I'm glad to see that our host and I are not the only people who know about Herbert Spencer. Darwin was appalled by that guy, though later he ended up actually using Spencer's phrase himself. I wonder if it was too catchy and useful, or if it was more a matter of if you can't beat 'em, join 'em. The problem with that phrase, of course, is the word "fittest." In ordinary vernacular it is synonymous with "best," an association that immediately goes to right to the ego and makes a seemingly wonderful justification for classism (and plenty of other "isms" as well). In biological terms "fit" is not an expression of superiority, only how well adapted a species is to its environment and ecological niche. Sure, a polar bear is more "fit" in a polar environment than a koala, but put a polar bear in the koala's natural habitat and you will soon have a bear-skin rug. We could make up some other, more neutral term for this, but it wouldn't be nearly as socio-politically useful, so it's the wrong term that will live on. Trickle-down economics, anybody? It's just another expression of the Just World Fallacy - our supposed meritocracy is nothing of the sort, but those who have the power and wealth want to insist that they are the "fittest," and therefore deserve the massive tax breaks so they can buy more property and enslave more human resources.

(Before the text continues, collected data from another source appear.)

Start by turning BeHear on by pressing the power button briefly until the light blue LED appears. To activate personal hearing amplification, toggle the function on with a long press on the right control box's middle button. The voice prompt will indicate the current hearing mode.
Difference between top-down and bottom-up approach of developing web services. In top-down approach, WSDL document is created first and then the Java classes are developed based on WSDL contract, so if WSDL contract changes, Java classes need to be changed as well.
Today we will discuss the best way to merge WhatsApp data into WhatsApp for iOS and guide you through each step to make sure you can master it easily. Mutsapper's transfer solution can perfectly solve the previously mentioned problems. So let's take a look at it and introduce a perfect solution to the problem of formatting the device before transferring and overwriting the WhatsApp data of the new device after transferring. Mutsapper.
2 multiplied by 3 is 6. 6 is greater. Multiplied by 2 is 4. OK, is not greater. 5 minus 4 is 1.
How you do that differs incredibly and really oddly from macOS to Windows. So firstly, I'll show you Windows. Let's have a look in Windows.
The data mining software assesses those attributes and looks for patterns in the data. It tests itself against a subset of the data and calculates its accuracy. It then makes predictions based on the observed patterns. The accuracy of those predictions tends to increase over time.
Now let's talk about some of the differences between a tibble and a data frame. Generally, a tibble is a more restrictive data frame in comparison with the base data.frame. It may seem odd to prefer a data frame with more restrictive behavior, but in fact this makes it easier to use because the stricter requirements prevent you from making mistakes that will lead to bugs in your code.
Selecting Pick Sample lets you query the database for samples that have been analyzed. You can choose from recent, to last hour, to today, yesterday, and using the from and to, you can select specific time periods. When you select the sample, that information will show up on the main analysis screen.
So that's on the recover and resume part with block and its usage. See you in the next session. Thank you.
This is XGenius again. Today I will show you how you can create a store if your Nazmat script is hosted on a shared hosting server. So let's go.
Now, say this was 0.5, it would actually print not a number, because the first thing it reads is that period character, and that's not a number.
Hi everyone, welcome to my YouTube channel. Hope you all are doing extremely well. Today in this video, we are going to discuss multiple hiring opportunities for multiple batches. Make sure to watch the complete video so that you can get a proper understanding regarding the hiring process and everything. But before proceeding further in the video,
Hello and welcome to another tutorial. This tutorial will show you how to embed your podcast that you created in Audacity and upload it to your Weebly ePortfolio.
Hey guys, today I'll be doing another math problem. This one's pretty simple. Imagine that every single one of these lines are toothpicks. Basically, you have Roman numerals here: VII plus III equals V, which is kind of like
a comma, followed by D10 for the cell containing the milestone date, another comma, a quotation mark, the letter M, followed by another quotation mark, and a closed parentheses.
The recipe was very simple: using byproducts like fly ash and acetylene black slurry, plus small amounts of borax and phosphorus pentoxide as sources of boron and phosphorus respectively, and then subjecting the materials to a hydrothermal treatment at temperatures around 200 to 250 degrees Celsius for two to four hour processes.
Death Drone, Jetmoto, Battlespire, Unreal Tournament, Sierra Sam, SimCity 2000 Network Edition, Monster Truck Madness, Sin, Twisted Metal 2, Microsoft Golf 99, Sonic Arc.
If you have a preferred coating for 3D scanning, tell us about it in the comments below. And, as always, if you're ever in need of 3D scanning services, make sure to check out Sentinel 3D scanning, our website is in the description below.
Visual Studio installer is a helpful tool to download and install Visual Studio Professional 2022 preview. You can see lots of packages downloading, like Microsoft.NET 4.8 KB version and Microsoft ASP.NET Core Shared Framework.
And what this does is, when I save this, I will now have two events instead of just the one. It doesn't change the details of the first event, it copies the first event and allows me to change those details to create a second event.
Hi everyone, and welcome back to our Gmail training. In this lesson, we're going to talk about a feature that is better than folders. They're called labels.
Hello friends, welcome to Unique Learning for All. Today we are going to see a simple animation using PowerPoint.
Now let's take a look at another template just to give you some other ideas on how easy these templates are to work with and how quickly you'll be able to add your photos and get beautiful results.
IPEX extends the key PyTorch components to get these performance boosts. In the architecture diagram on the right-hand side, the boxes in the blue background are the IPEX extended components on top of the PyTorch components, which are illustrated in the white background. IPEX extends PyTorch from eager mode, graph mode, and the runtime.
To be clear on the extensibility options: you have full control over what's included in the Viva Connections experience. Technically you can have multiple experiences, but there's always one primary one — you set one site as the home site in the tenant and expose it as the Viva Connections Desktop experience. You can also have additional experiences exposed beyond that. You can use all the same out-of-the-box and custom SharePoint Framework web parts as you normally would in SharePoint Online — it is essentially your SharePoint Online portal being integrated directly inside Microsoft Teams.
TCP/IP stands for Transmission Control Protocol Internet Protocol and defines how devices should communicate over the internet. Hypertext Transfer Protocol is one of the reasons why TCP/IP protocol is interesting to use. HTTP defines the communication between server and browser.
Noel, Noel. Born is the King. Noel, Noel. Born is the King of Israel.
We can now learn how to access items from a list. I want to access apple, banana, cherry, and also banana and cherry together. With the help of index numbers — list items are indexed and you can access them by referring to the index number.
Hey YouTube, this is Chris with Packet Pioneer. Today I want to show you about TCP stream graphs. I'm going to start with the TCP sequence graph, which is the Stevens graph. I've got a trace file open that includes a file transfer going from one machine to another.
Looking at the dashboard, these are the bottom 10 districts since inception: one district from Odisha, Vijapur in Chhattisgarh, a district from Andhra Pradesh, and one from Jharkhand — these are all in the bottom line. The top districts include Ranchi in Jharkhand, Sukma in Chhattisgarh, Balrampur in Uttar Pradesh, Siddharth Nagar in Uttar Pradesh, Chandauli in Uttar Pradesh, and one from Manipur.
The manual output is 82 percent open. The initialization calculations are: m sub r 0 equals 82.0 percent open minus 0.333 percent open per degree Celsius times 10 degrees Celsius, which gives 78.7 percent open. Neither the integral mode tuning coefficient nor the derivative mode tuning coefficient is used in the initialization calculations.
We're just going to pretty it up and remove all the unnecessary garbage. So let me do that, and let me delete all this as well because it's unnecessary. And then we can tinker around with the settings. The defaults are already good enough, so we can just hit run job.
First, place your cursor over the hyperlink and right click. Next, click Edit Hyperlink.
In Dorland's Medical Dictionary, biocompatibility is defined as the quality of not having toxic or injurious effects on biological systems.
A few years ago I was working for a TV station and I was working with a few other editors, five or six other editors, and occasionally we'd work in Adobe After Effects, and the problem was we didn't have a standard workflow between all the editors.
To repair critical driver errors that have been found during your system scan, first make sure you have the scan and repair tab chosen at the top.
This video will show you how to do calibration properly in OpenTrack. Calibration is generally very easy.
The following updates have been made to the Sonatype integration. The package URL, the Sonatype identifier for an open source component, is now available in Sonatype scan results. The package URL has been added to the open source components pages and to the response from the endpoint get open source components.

On the Gaia Hypothesis, I can't speak for anyone else, but I've read enough about it to know there is nothing mystical about it. The choice of an ancient mother goddess for a name was more PR than good scientific nomenclature, but good scientific nomenclature doesn't grab the public's imagination the way gods, heroes and selfish genes do.

David Brin said...

Hey, I discuss almost every variant of "Gaia"... in EARTH!